§ **Work instructions**
Repeat the span of the entries below that starts at the line with "Finally ALHAMDULILLAH Qurbani" and ends at the line with "White Deer Golf Foursome - Montgomery PA", nothing more. Skip the pictures.

§ **Records to process**
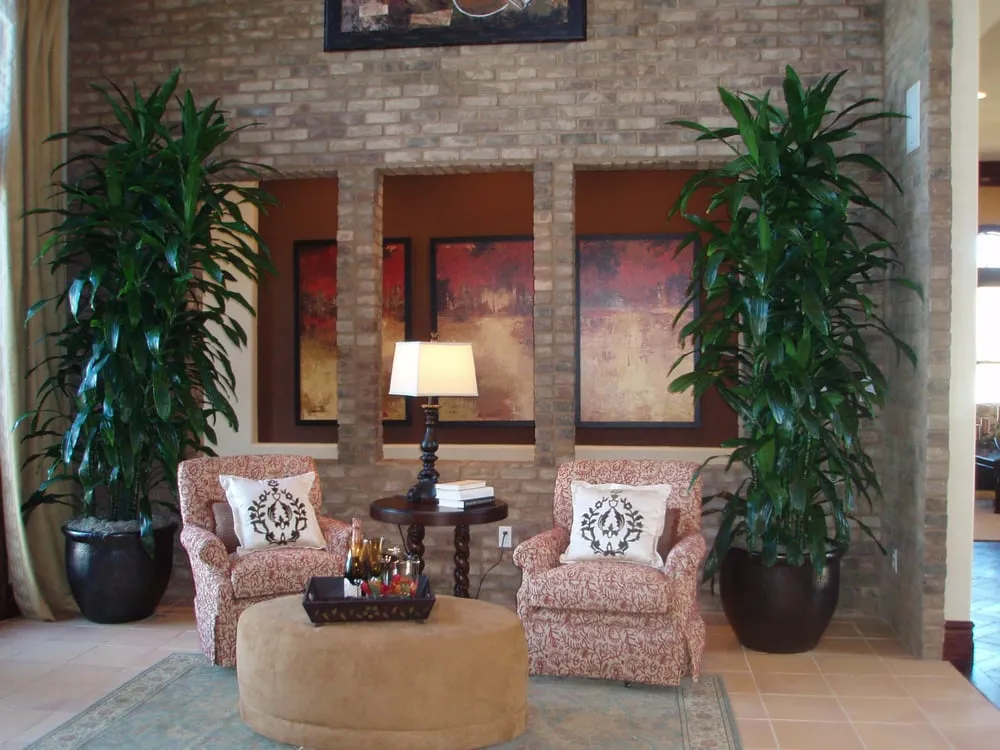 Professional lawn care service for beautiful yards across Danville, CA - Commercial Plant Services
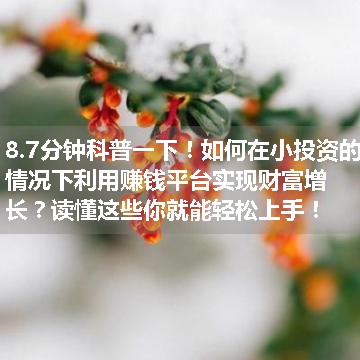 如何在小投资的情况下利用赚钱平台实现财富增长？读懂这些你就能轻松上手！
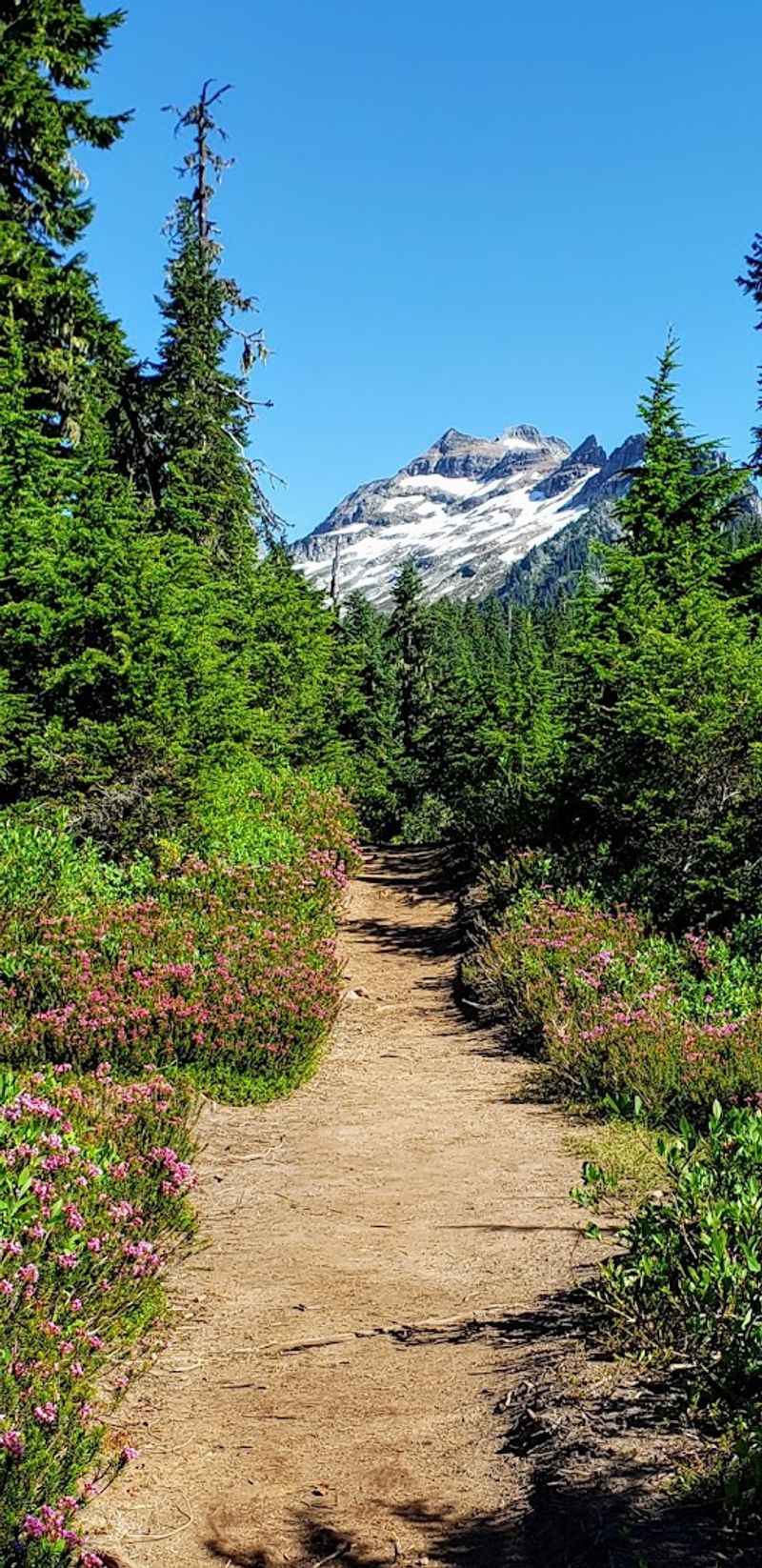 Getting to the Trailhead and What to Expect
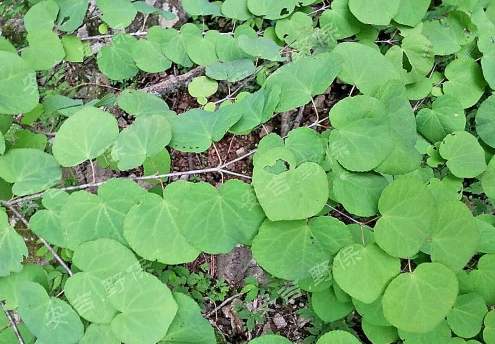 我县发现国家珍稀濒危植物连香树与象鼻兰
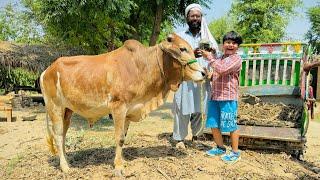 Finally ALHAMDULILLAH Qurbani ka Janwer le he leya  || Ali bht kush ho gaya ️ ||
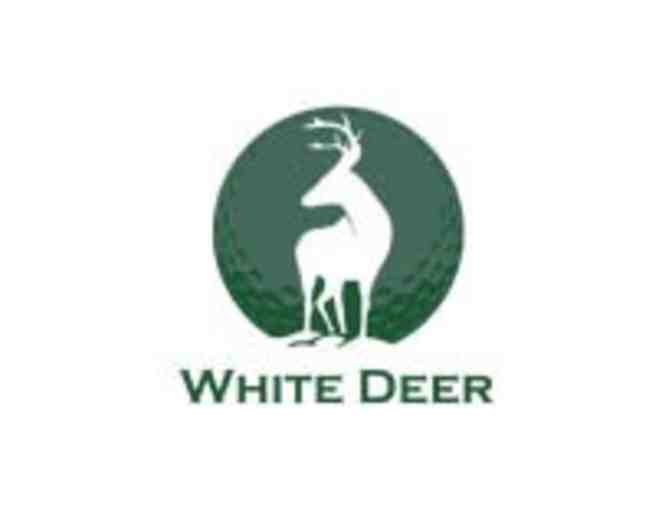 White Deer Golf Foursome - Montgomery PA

==

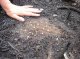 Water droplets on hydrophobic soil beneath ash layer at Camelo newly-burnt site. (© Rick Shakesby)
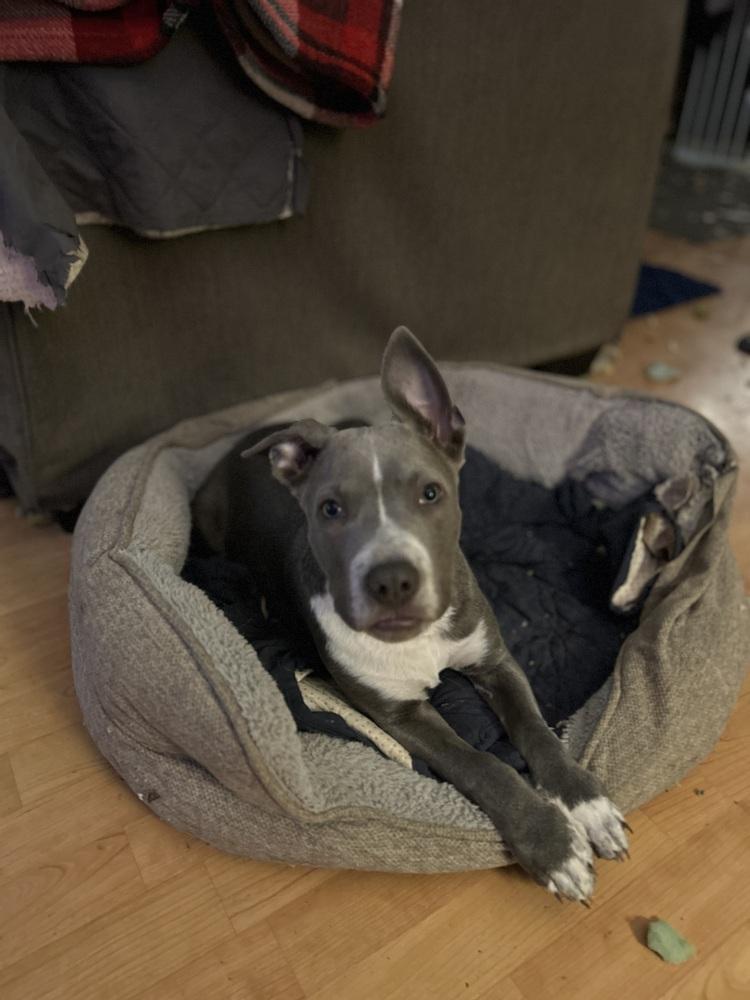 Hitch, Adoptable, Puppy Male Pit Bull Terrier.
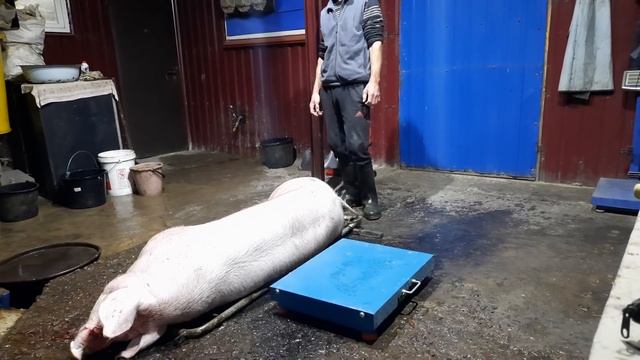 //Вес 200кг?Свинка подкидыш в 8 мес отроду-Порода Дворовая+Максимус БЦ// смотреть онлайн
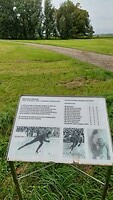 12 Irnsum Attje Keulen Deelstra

§ **Answer section**
 Finally ALHAMDULILLAH Qurbani ka Janwer le he leya  || Ali bht kush ho gaya ️ ||
 White Deer Golf Foursome - Montgomery PA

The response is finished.